**Data for review:**
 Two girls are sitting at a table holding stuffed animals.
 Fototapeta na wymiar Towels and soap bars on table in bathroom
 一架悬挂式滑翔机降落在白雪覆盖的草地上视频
...
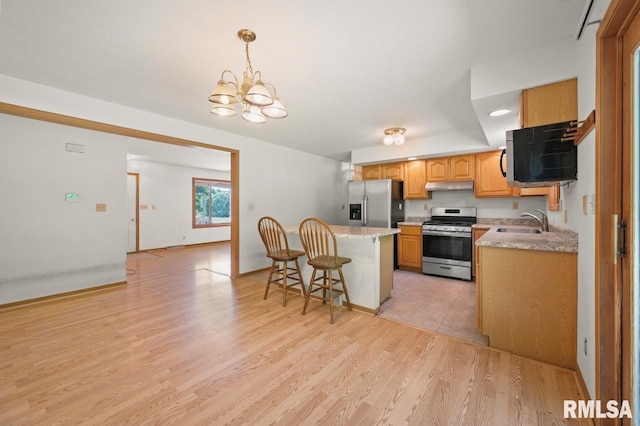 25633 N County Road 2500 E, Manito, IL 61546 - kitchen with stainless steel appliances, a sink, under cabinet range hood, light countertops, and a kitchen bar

**Exercise requirements:** In the entries above, find the line with "Two girls are" and the line with "一架悬挂式滑翔机降落在白雪覆盖的草地上视频", then restate word for word both of them and every line between, with nothing more.

**Finished task:**
 Two girls are sitting at a table holding stuffed animals.
 Fototapeta na wymiar Towels and soap bars on table in bathroom
 一架悬挂式滑翔机降落在白雪覆盖的草地上视频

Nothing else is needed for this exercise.